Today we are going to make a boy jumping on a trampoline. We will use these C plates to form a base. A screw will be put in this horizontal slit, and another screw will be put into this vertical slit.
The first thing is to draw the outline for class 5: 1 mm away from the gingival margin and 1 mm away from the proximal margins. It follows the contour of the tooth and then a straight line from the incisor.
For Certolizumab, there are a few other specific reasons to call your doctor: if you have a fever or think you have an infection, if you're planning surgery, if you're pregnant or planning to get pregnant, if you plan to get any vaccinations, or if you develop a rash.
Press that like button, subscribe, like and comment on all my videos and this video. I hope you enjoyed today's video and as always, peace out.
******
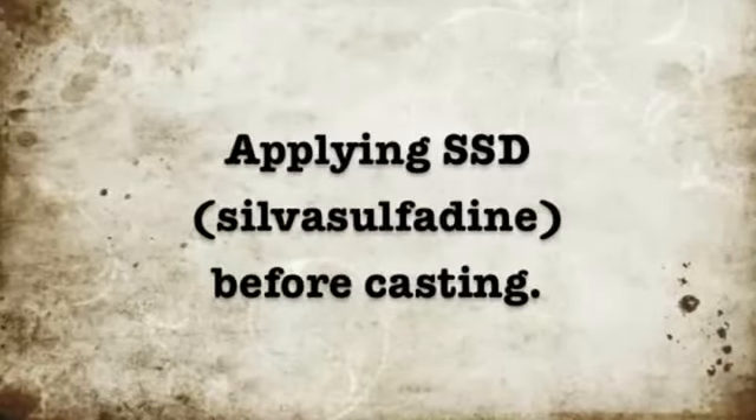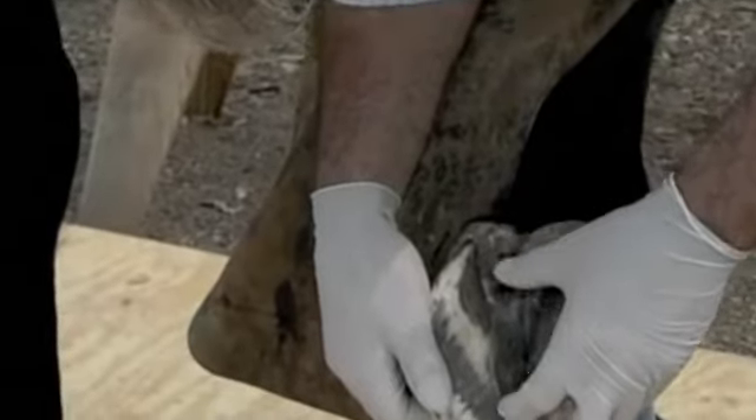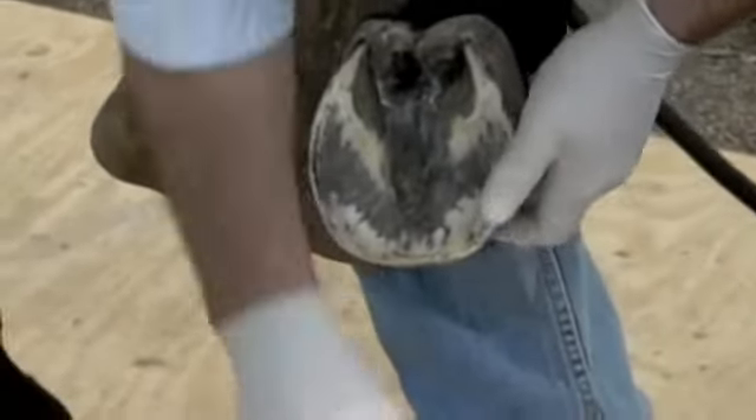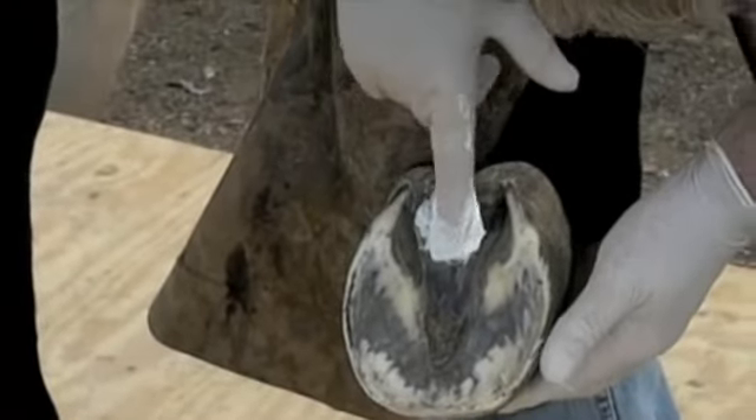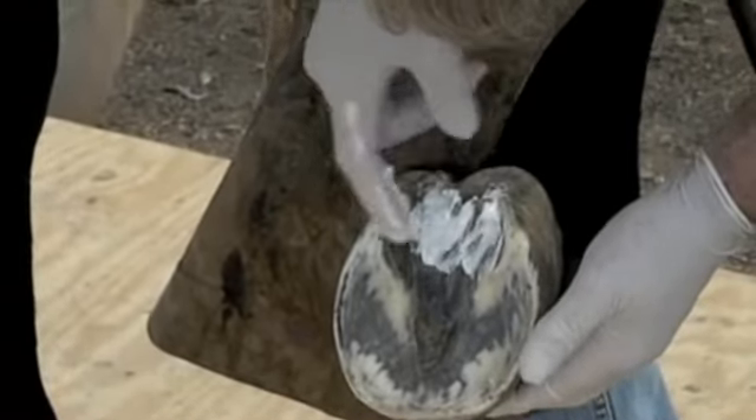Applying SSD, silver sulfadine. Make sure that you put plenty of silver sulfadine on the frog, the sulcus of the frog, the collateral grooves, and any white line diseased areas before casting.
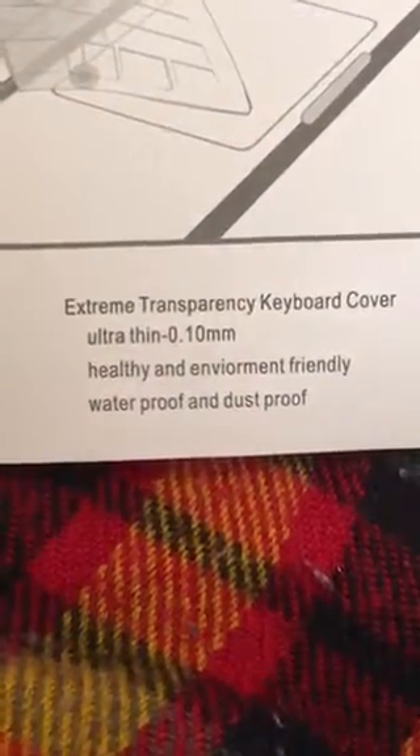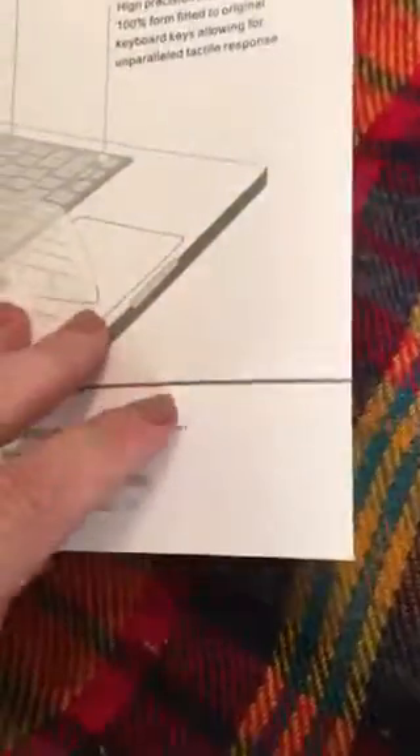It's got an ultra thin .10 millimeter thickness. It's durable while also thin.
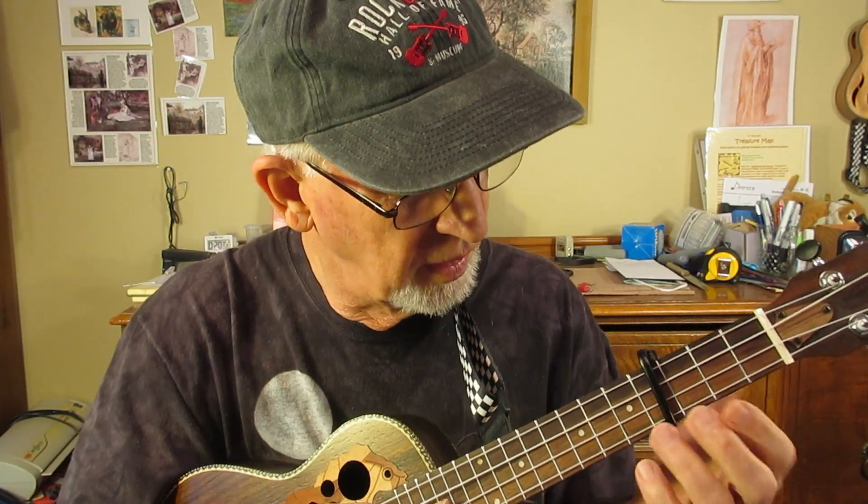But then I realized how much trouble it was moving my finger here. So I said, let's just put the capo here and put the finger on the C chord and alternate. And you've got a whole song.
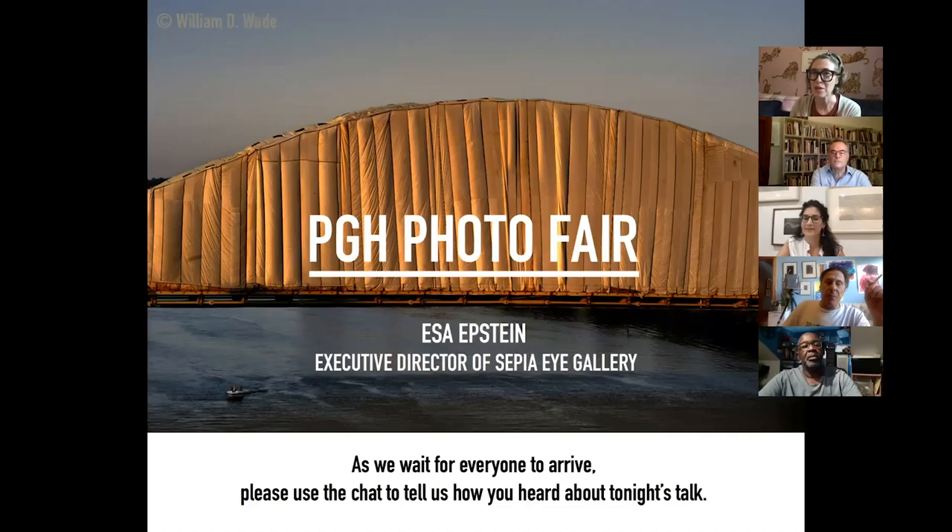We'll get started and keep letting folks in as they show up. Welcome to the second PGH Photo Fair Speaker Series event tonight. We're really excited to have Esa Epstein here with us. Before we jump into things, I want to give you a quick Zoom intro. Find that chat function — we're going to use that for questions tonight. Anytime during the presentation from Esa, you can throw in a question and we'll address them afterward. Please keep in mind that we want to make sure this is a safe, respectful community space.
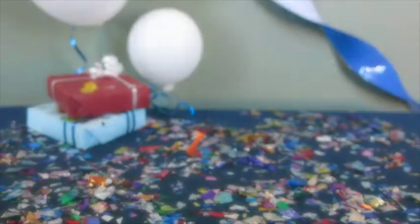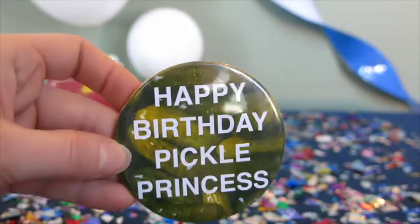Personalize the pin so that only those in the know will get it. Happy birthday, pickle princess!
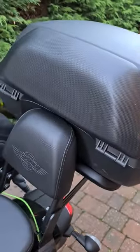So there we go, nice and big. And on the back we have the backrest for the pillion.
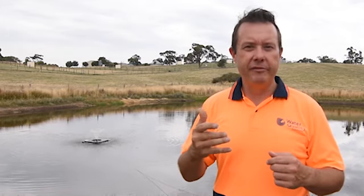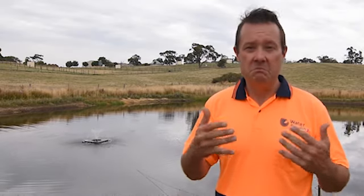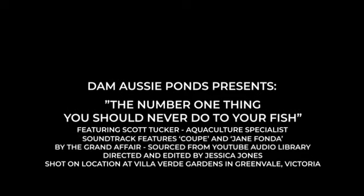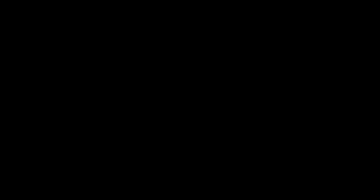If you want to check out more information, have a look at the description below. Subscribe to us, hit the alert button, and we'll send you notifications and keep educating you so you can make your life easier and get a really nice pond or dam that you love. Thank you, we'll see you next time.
******
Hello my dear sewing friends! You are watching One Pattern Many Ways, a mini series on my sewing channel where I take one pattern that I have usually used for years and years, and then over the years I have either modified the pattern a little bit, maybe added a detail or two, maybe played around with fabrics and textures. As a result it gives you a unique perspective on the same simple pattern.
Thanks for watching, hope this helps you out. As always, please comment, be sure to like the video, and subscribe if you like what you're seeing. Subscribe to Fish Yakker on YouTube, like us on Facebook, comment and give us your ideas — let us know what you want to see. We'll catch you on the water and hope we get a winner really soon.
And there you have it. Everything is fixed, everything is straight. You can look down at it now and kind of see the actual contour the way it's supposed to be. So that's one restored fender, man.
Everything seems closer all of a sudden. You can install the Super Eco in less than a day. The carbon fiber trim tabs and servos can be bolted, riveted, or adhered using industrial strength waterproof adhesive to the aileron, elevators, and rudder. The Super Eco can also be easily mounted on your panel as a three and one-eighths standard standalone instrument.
******
What to work on: Nothing but the lines from the one with "Applying SSD, silver" to the one with "We'll get started" above, both included, should be transcribed, exactly and without pictures.

Response to the task:
Applying SSD, silver sulfadine. Make sure that you put plenty of silver sulfadine on the frog, the sulcus of the frog, the collateral grooves, and any white line diseased areas before casting.
It's got an ultra thin .10 millimeter thickness. It's durable while also thin.
But then I realized how much trouble it was moving my finger here. So I said, let's just put the capo here and put the finger on the C chord and alternate. And you've got a whole song.
We'll get started and keep letting folks in as they show up. Welcome to the second PGH Photo Fair Speaker Series event tonight. We're really excited to have Esa Epstein here with us. Before we jump into things, I want to give you a quick Zoom intro. Find that chat function — we're going to use that for questions tonight. Anytime during the presentation from Esa, you can throw in a question and we'll address them afterward. Please keep in mind that we want to make sure this is a safe, respectful community space.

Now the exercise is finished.